_EXERCISE GOAL:_ Please transcribe exactly the lines from the first line of the records below through the line containing "Niedlicher Boston-Terrier Geschenkpapier", including both, and omit all pictures.

Stored data
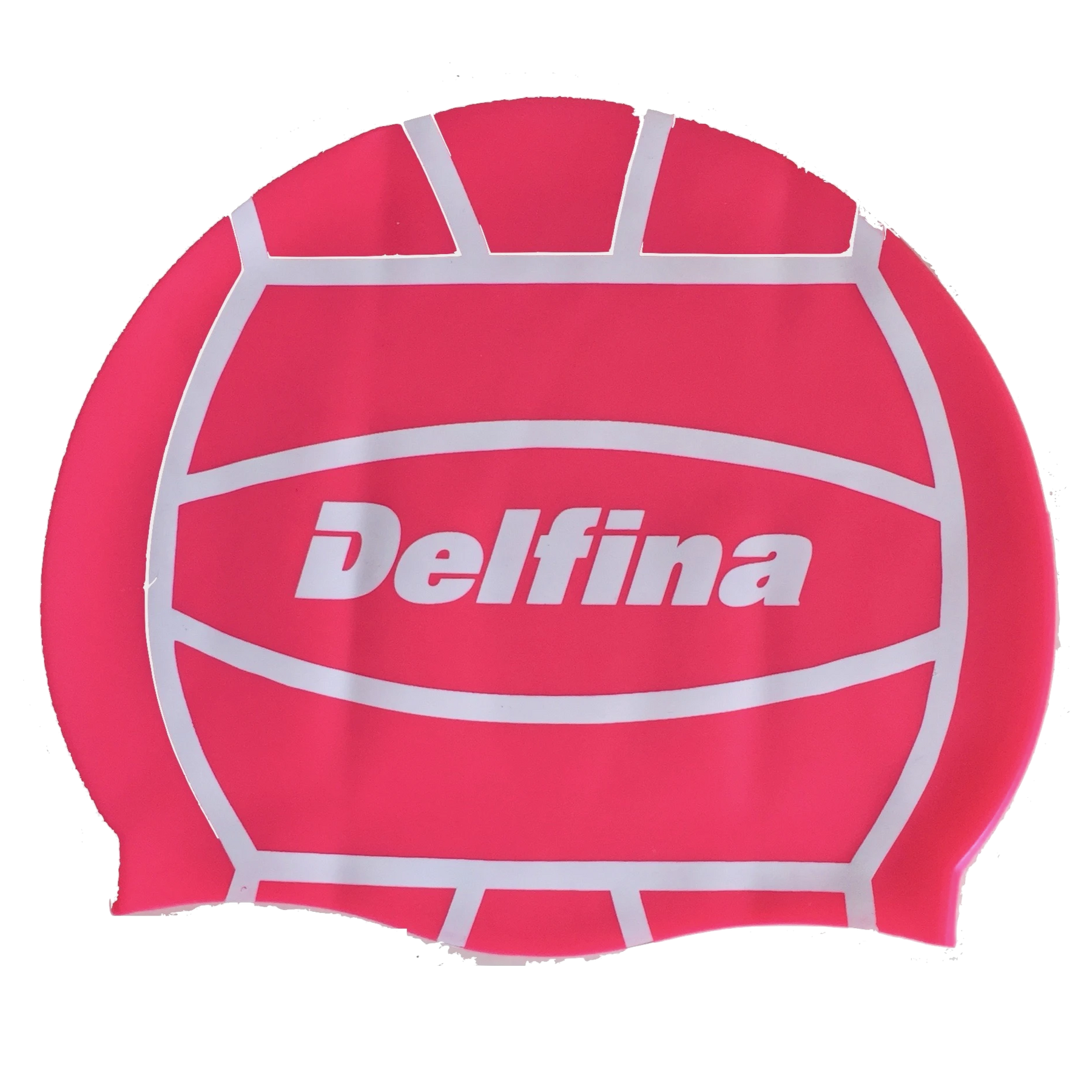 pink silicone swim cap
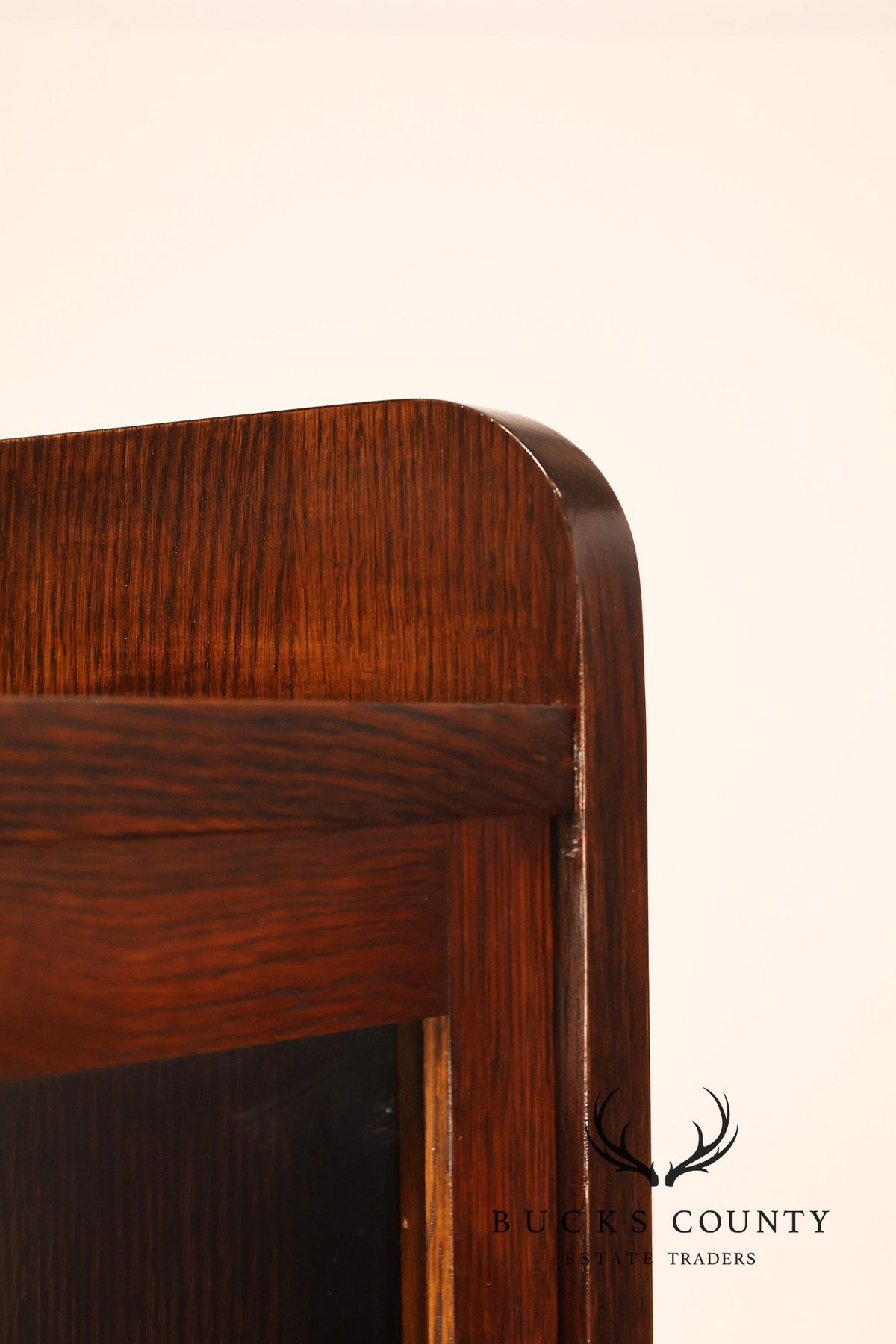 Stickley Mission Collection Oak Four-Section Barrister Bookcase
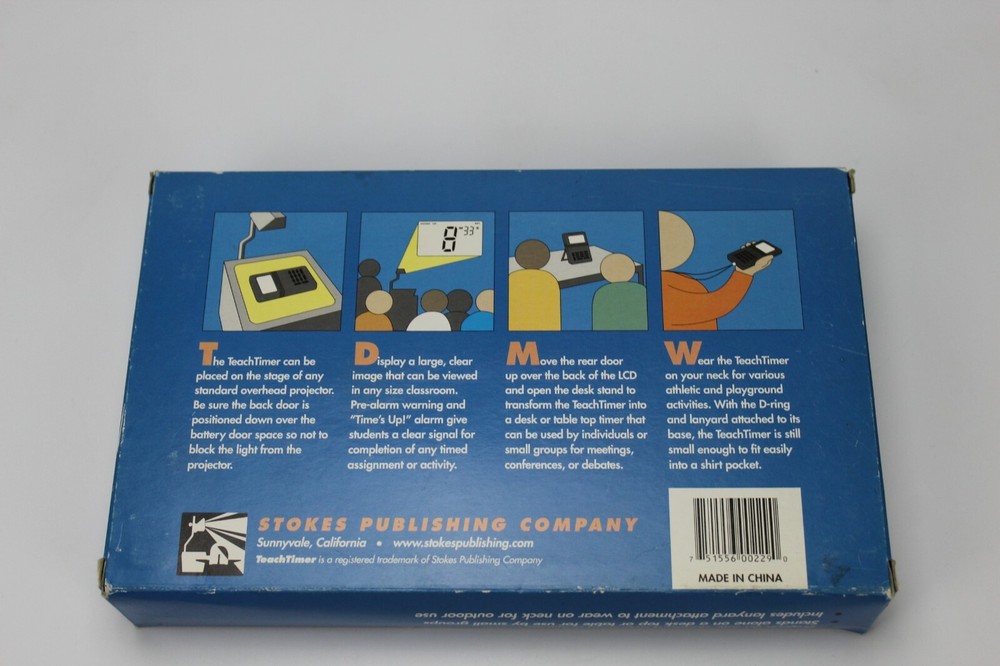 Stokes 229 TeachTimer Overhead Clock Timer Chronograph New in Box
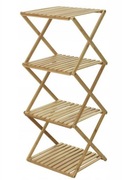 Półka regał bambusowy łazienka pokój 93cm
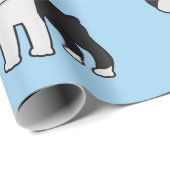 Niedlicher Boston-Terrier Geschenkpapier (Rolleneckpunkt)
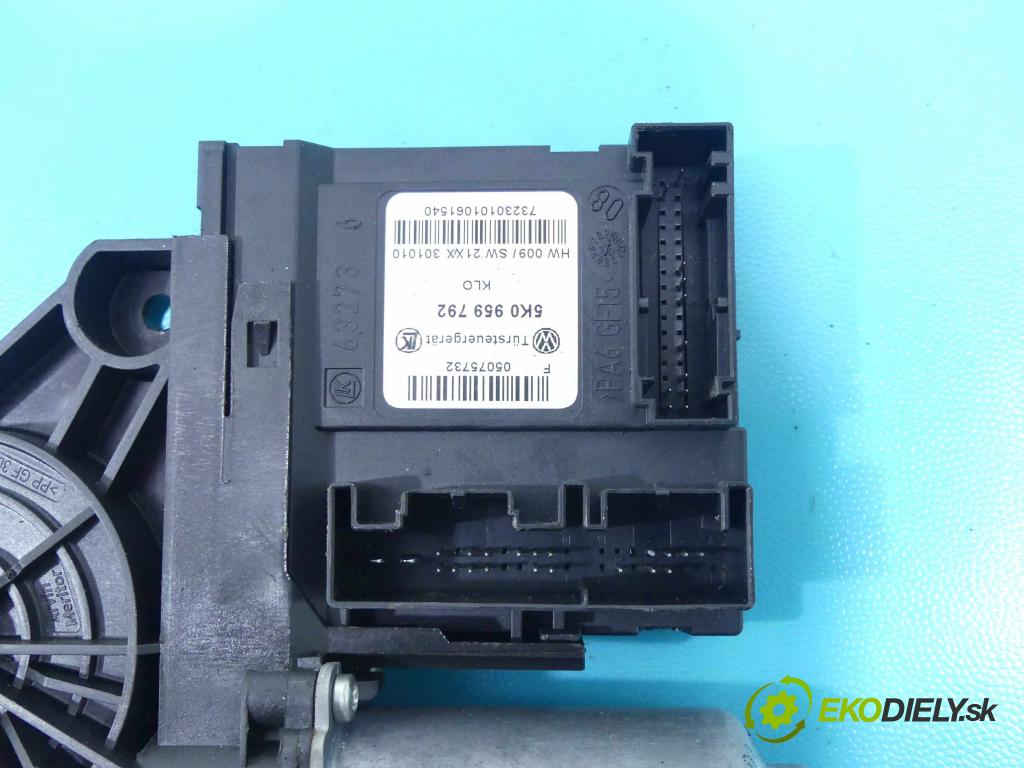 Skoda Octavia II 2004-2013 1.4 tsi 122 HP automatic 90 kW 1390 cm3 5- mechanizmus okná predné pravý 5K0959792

_TASK RESULT:_
 pink silicone swim cap
 Stickley Mission Collection Oak Four-Section Barrister Bookcase
 Stokes 229 TeachTimer Overhead Clock Timer Chronograph New in Box
 Półka regał bambusowy łazienka pokój 93cm
 Niedlicher Boston-Terrier Geschenkpapier (Rolleneckpunkt)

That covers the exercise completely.